What made his enthusiasm for Vashti Bunyan’s music even more compelling was that he’d been in London working as the musical director of that big Syd Barrett tribute concert and had been playing with the very cream of the crop of the rock world, including Damon Albarn, John Paul Jones, the great Kevin Ayers and of course, the Pink Floyd.

So this was exceptionally high praise indeed.

Now referred to as the “Grandmother of Freak Folk,” in the mid-1960s, Vashti Bunyan was a pretty London-born flower child who discovered Bob Dylan on a visit to New York and decided to becme a singer upon her return home. Like Nico and PP Arnold, shy-looking Vashti was spotted by Rolling Stones manager Andrew Loog Oldham, who had her record the Jagger/Richard’s composition Some Things Just Stick in Your Mind in 1965.

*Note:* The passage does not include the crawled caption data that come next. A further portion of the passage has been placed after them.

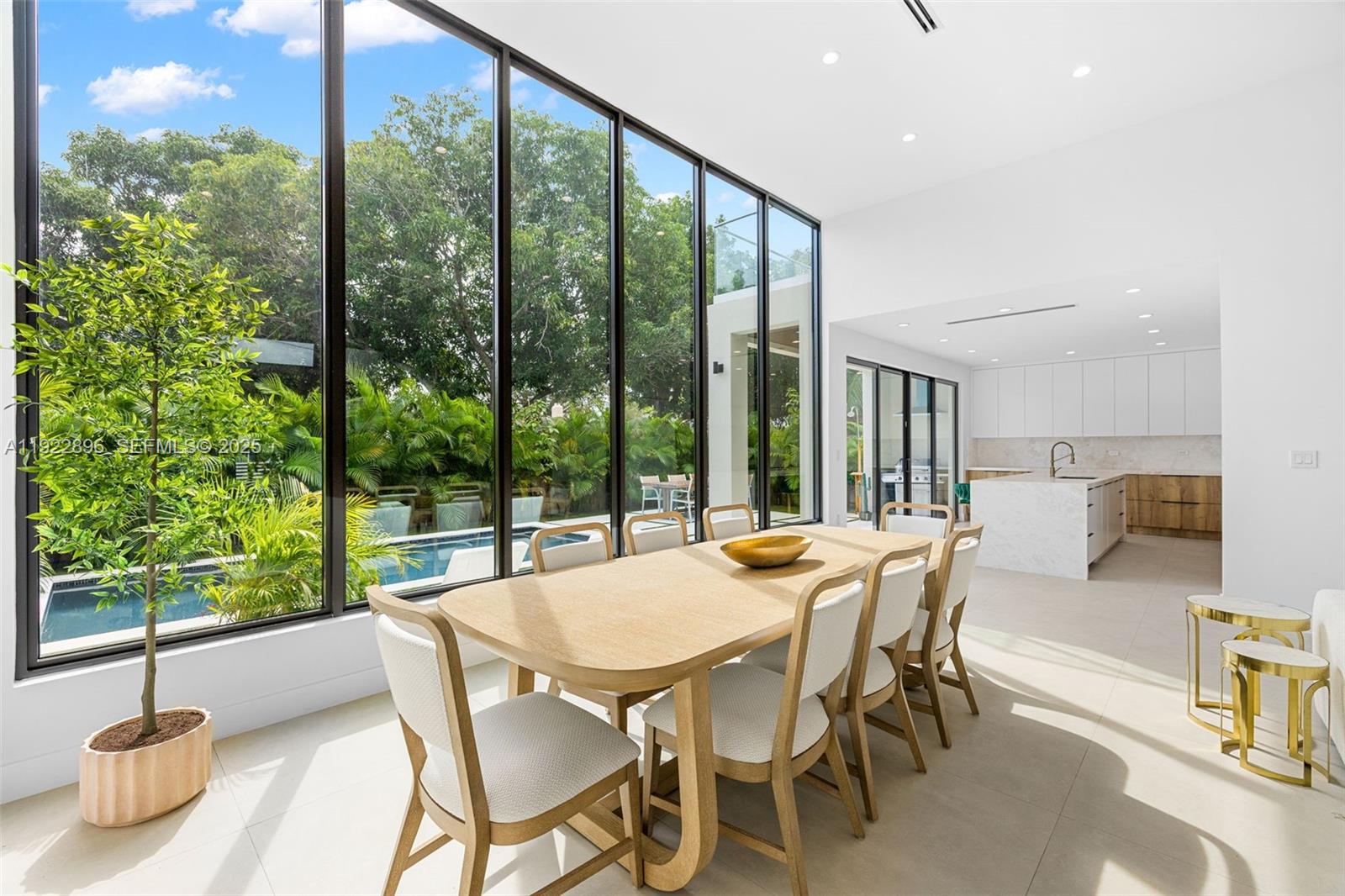 66 Northwest 50th Street Miami, FL 33127 - Photo 16 of 60 a view of a dining room with furniture window and outside view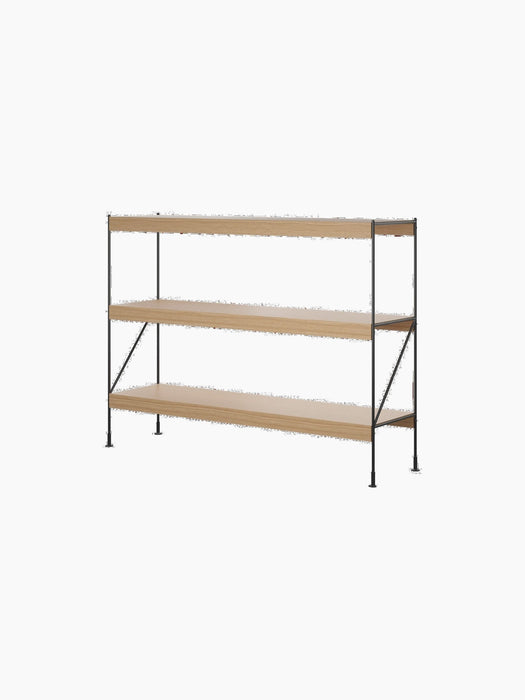 A Zet Storage System with a black steel frame and three natural oak shelves, viewed from an angle against a black background.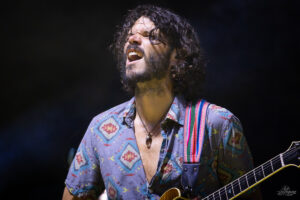 Male guitarist singing passionately on stage while playing an electric guitar, wearing a patterned blue shirt and a colorful strap over his shoulder.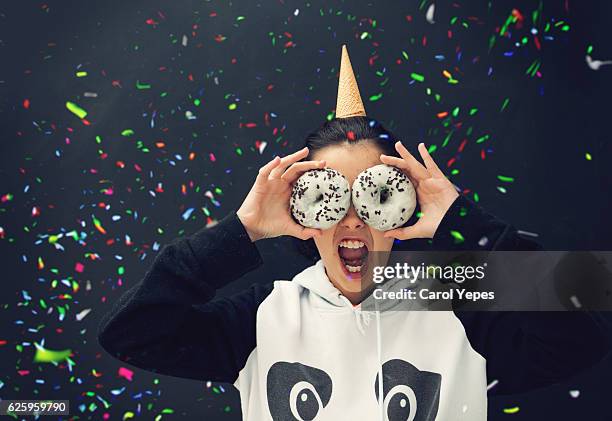 girl with white donuts in front of her eyes and ice cone on head - hundreds and thousands stock pictures, royalty-free photos & images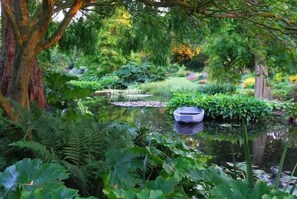 A serene garden with a pond, lush greenery, and a wooden boat. - Cosy Central Home with Private Garden & Fast Wifi, Comfy 3BR Home • Contractor Friendly • Town Centr... (Colchester)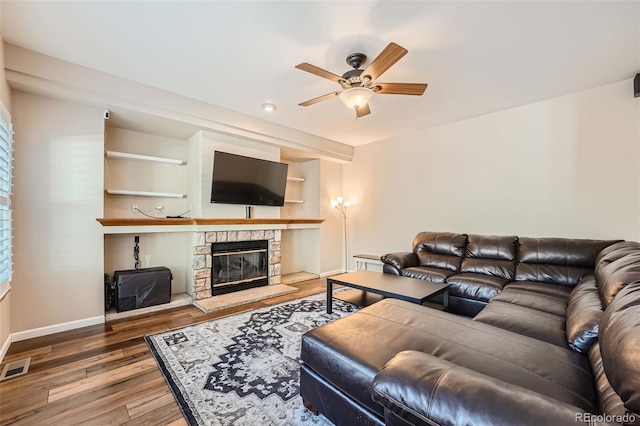 living room with a stone fireplace, hardwood / wood-style floors, and ceiling fan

She recorded a few more songs, but nothing really stuck. She did the hippie thing for a while, traveling, living in communes and writing songs which eventually ended up on her album, Just Another Diamond Day, produced by Joe Boyd (Pink Floyd, Nick Drake) and recorded with members of the Fairport Convention and The Incredible String Band in 1970.

The results were haunting, as delicate as cotton candy, but the album was not a success. Bunyan turned away from a musical career, raising her three children on a farm. But it was not the end of her music. For years the reputation of Just Another Diamond Day grew steadily, trading at the very highest end of record collecting prices, often selling in excess of $1000, a fact Bunyan herself remained blissfully unaware of.

In 2000 Just Another Diamond Day was reissued on CD with bonus tracks. Bunyan’s ethereal music was embraced by a new generation of musicians such as Devendra Banhart, Joanna Newsom and Animal Collective. The title track was used in a memorable T-Mobile advertisement. Her follow-up to Diamond Day, titled Lookaftering came out in 2005, a mere 35 years after its predecessor and was critically well-received.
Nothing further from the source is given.